= Task to complete =
Restate the whole listing below word for word and keep the images out.

= Provided material =
═══

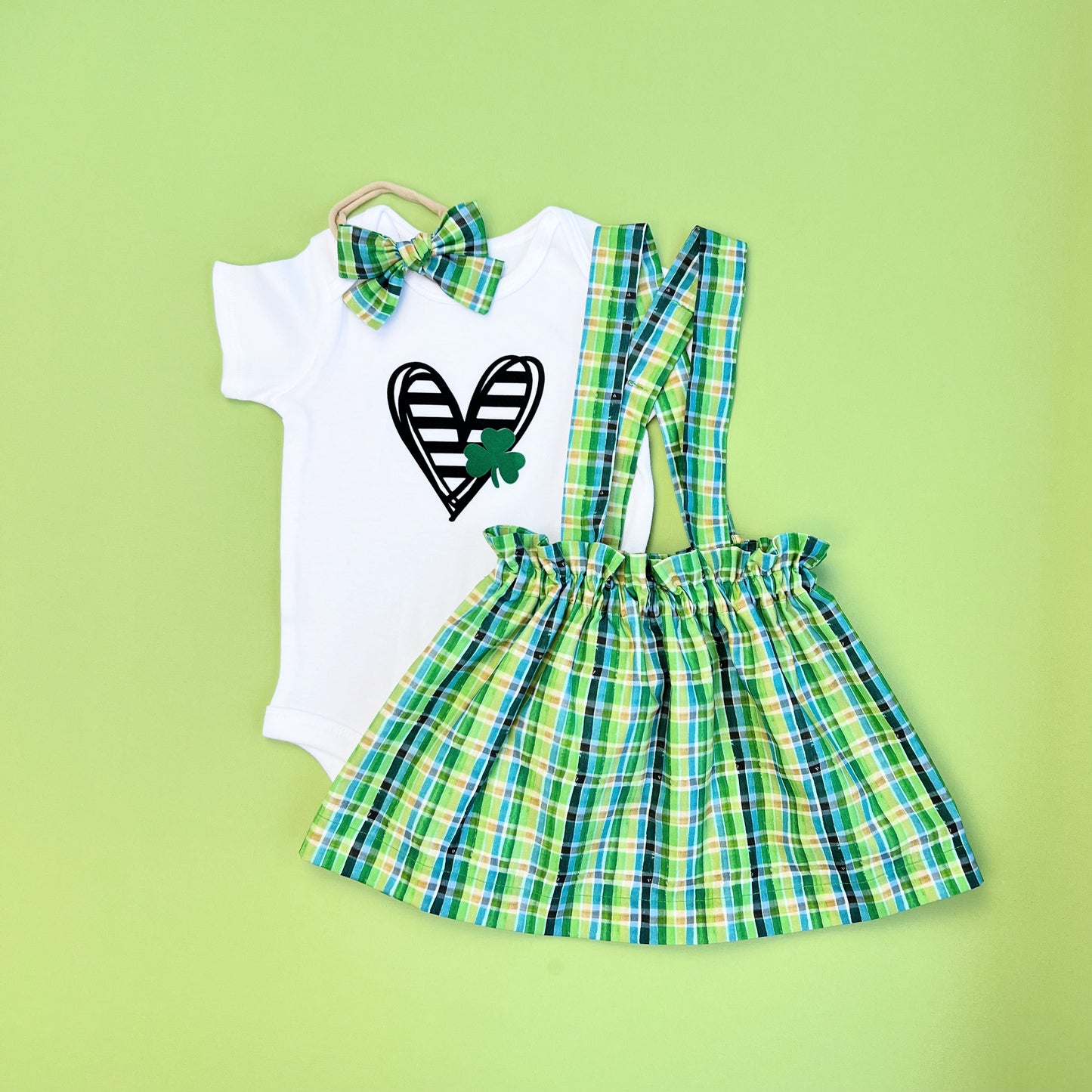 St. Patrick’s Day baby girl outfit. Plaid green skirt Set. Plaid toddler girl outfit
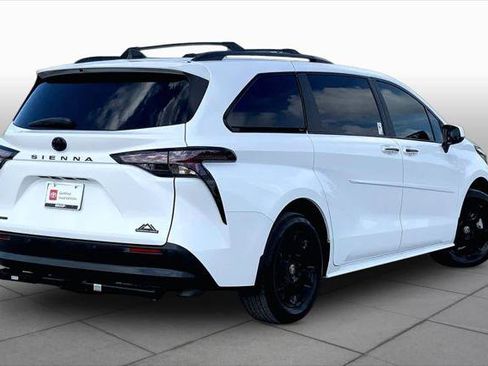 Certified 2026 Toyota Sienna XLE Woodland Edition AWD/4WD image 13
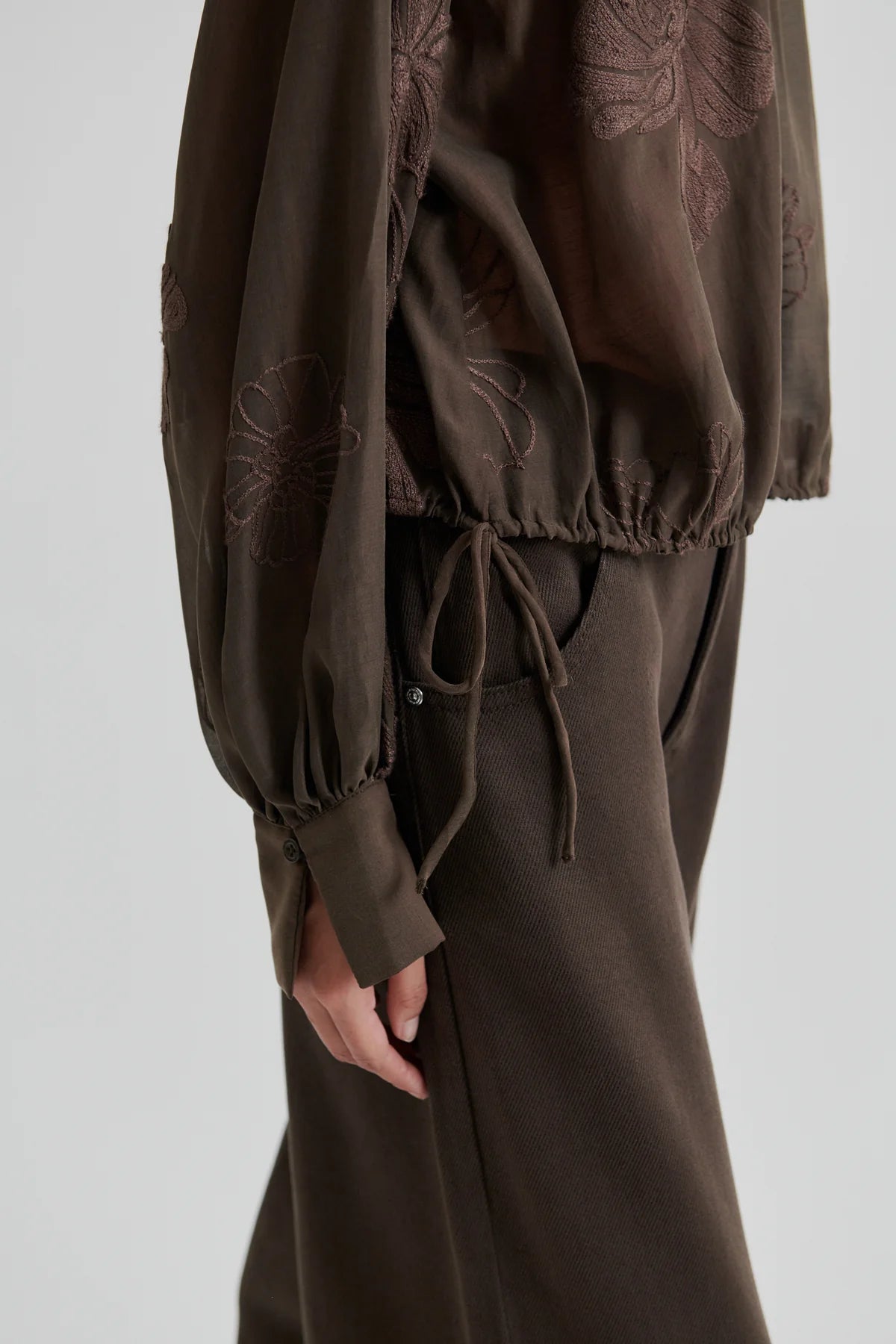 Second Female Veria Blouse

═══

= Completed task =
 St. Patrick’s Day baby girl outfit. Plaid green skirt Set. Plaid toddler girl outfit
 Certified 2026 Toyota Sienna XLE Woodland Edition AWD/4WD image 13
 Second Female Veria Blouse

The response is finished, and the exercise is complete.